作者简介Introduction

苏高生,西南财经大学统计学硕士毕业,现就职于中国电信,主要负责企业存量客户大数据分析、数据建模。研究方向:机器学习,最喜欢的编程语言:R语言,没有之一。

E-mail:sugs01@outlook.com

往期回顾:

Xgboost算法——Kaggle案例

The rxfastforest algorithm case of kaggle


紧接上文:lightgbm algorithm case of kaggle(上)

各位看客,请继续......

五、二次调参

1.调试weight参数

grid_search <- expand.grid(

learning_rate = .125,

num_leaves = 600,

max_bin = 30,

min_data_in_bin = 64,

feature_fraction = .64,

min_sum_hessian = .004,

lambda_l1 = .002,

lambda_l2 = .008,

drop_rate = .3,

max_drop = 5)

perf_weight_2 <- numeric(length = nrow(grid_search))

for(i in 1:20){

lgb_weight <- (lgb_tr$TARGET * i + 1) / sum(lgb_tr$TARGET * i + 1)

lgb_train <- lgb.Dataset(

data = data.matrix(lgb_tr[, 1:137]),

label = lgb_tr$TARGET,

free_raw_data = FALSE,

weight = lgb_weight

)

# 参数

params <- list(

objective = 'binary',

metric = 'auc',

learning_rate = grid_search[1, 'learning_rate'],

num_leaves = grid_search[1, 'num_leaves'],

max_bin = grid_search[1, 'max_bin'],

min_data_in_bin = grid_search[1, 'min_data_in_bin'],

feature_fraction = grid_search[1, 'feature_fraction'],

min_sum_hessian = grid_search[1, 'min_sum_hessian'],

lambda_l1 = grid_search[1, 'lambda_l1'],

lambda_l2 = grid_search[1, 'lambda_l2'],

drop_rate = grid_search[1, 'drop_rate'],

max_drop = grid_search[1, 'max_drop']

)

# 交叉验证

lgb_tr_mod <- lgb.cv(

params,

data = lgb_train,

nrounds = 300,

stratified = TRUE,

nfold = 10,

learning_rate = .1,

num_threads = 2,

early_stopping_rounds = 10

)

perf_weight_2[i] <- unlist(lgb_tr_mod$record_evals$valid$auc$eval)[length(unlist(lgb_tr_mod$record_evals$valid$auc$eval))]}

ggplot(data.frame(num = 1:length(perf_weight_2), perf = perf_weight_2), aes(x = num, y = perf)) +

geom_point() +

geom_smooth()

结论:从此图可知auc值在weight>=2时auc 趋于稳定, weight=8时取最大值

2.调试learning_rate参数

grid_search <- expand.grid(

learning_rate = seq(.05, .5, .01),

num_leaves = 600,

max_bin = 30,

min_data_in_bin = 64,

feature_fraction = .64,

min_sum_hessian = .004,

lambda_l1 = .002,

lambda_l2 = .008,

drop_rate = .3,

max_drop = 5)

perf_learning_rate_1 <- numeric(length = nrow(grid_search))

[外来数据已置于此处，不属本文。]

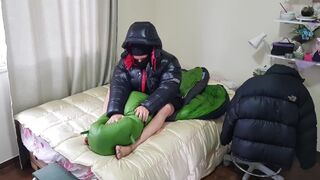 Having fun with my bag down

for(i in 1:nrow(grid_search)){

lgb_weight <- (lgb_tr$TARGET * 8 + 1) / sum(lgb_tr$TARGET * 8 + 1)

lgb_train <- lgb.Dataset(

data = data.matrix(lgb_tr[, 1:137]),

label = lgb_tr$TARGET,

free_raw_data = FALSE,

weight = lgb_weight

)

# 参数

params <- list(

objective = 'binary',

metric = 'auc',

learning_rate = grid_search[i, 'learning_rate'],

num_leaves = grid_search[i, 'num_leaves'],

max_bin = grid_search[i, 'max_bin'],

min_data_in_bin = grid_search[i, 'min_data_in_bin'],

feature_fraction = grid_search[i, 'feature_fraction'],

min_sum_hessian = grid_search[i, 'min_sum_hessian'],

lambda_l1 = grid_search[i, 'lambda_l1'],

lambda_l2 = grid_search[i, 'lambda_l2'],

drop_rate = grid_search[i, 'drop_rate'],

max_drop = grid_search[i, 'max_drop']

)

# 交叉验证

lgb_tr_mod <- lgb.cv(

params,

data = lgb_train,

nrounds = 300,

stratified = TRUE,

nfold = 10,

num_threads = 2,

early_stopping_rounds = 10

)

perf_learning_rate_1[i] <- unlist(lgb_tr_mod$record_evals$valid$auc$eval)[length(unlist(lgb_tr_mod$record_evals$valid$auc$eval))]}

grid_search$perf <- perf_learning_rate_1

ggplot(data = grid_search, aes(x = learning_rate, y = perf)) +

geom_point() +

geom_smooth()

结论:learning_rate=.2时,auc最大

3.调试num_leaves参数

grid_search <- expand.grid(

learning_rate = .2,

num_leaves = seq(50, 800, 50),

max_bin = 30,

min_data_in_bin = 64,

feature_fraction = .64,

min_sum_hessian = .004,

lambda_l1 = .002,

lambda_l2 = .008,

drop_rate = .3,

max_drop = 5

)

perf_num_leaves_1 <- numeric(length = nrow(grid_search))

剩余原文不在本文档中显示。